The last day of our Nova Scotia/Cabot Trail adventure began with an epic breakfast at the Harbour’s Edge B&B featuring Esther’s unbelievable orange syrup on french toast. This is a sweet syrup, like maple syrup, but made with oranges and a distinctive orange flavor. Unforgettable and well worth the price, as was the lovely room we enjoyed as well.
After this, we rushed to pack the luggage and load the bikes for the short ride over to the ferry terminal, where we then waited in line for almost an hour to pass through the check-in gate and board the Novastar ferry for the return trip to Maine.
The first post in this series referenced the cabins of the Novastar, which we thoroughly enjoyed; but as the return trip is a daytime trip, we simply bought the very cheap reclining seats on the upper deck in the Seaglass lounge. These are very much like airplane seats, only they recline a lot more, and you have ample legroom. The Seaglass lounge has floor-to-ceiling windows so you can enjoy an unbroken view of the sea from your chair.
We “saw” some whales during the morning of our crossing, though far enough into the distance that it was pointless to try to photograph them. Really, what you see are small spumes of vapor spouting up from the surface of the water far off toward the horizon — too far away to actually view the whales that were making them. Nor did the whales, intent on their own errands in the Gulf of Maine, venture to entertain us by leaping out of the water or doing other cool whale stuff. So, we looked off into the distance and occasionally said, “Oh, there’s one!” However, this did occupy the better part of an hour, and so made the time pass more quickly.
I should also say that the Novastar does its best to entertain you on the crossing. In both directions there were several excellent live musicians playing and singing cover tunes of pop/rock hits. They also show movies and have a special area for kids (the “Shrimp Station”) where they project movies, have coloring and crafts, and offer supervised games for youngsters. For adults, there are also movies shown, along with (of course) the casino, the gift shop, a DJ and the spa. So, while it IS a long trip (about ten hours at sea), there are many diversions. They also sell satellite uplinks for internet connections ($5 USD per hour) so that you can access email and do whatever other internet stuff you like. And there are a number of restaurant choices at a variety of price points, all of which are excellent.

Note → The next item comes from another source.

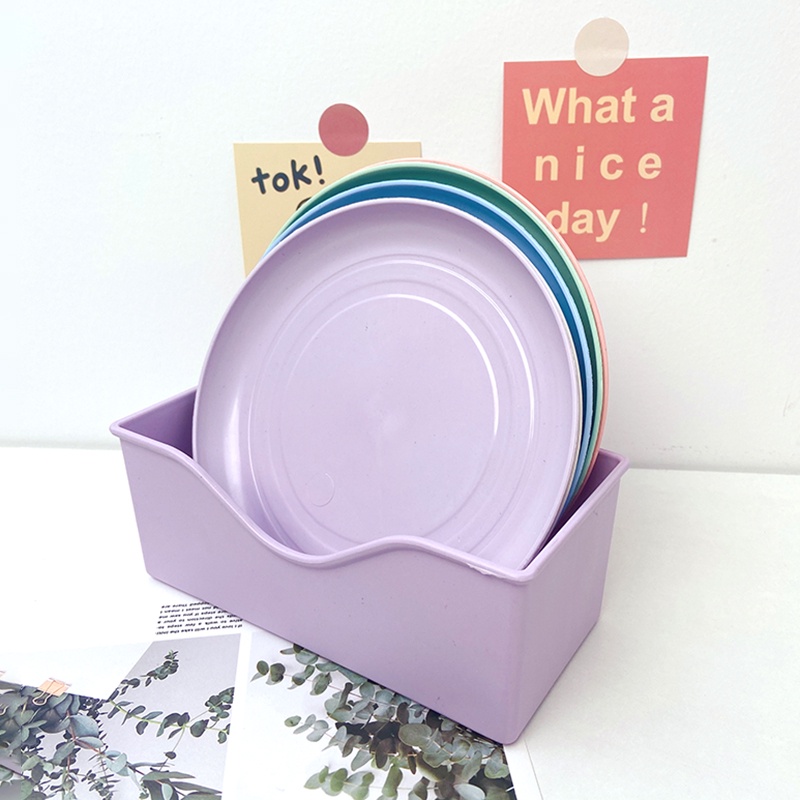 Khay Đựng Trái Cây/ Thức Ăn Vặt/ Bánh Kẹo Hình Tròn Bằng Lúa Mạch Màu Trơn Tiện Dụng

So, really, I can’t say enough good things about the Novastar and I highly recommend it. In talking with crew members (all of whom, by the way, go out of their way to be helpful and courteous), it appears that while ridership is up 20% over last year, there is still some question as to whether this ferry service will be economically viable in the long term. Their contract with Nova Scotia runs from May through October, and they were hoping to get a contract for the winter on the English Channel. I sincerely hope they continue to serve here in Maine because I would choose the Novastar every time, over driving two or three extra days through New Brunswick into Nova Scotia.
The trip ends in the early evening, and our trip concluded with thundershowers over Portland as we were entering the harbor. This gave us a lovely rainbow as a final memento of our trip:
After docking and disembarking, we waited in line to clear customs and made the hour-long ride home in the dark, where our house was waiting to receive us after an epic trip! Thanks to all for following us on this blog; I hope you got a sense of the many things we enjoyed about Nova Scotia and Cape Breton Island. For any bikers who happen to stumble onto this blog, I plan another post with some considerations for anyone considering a trip around the Cabot Trail. Until then, happy August to all!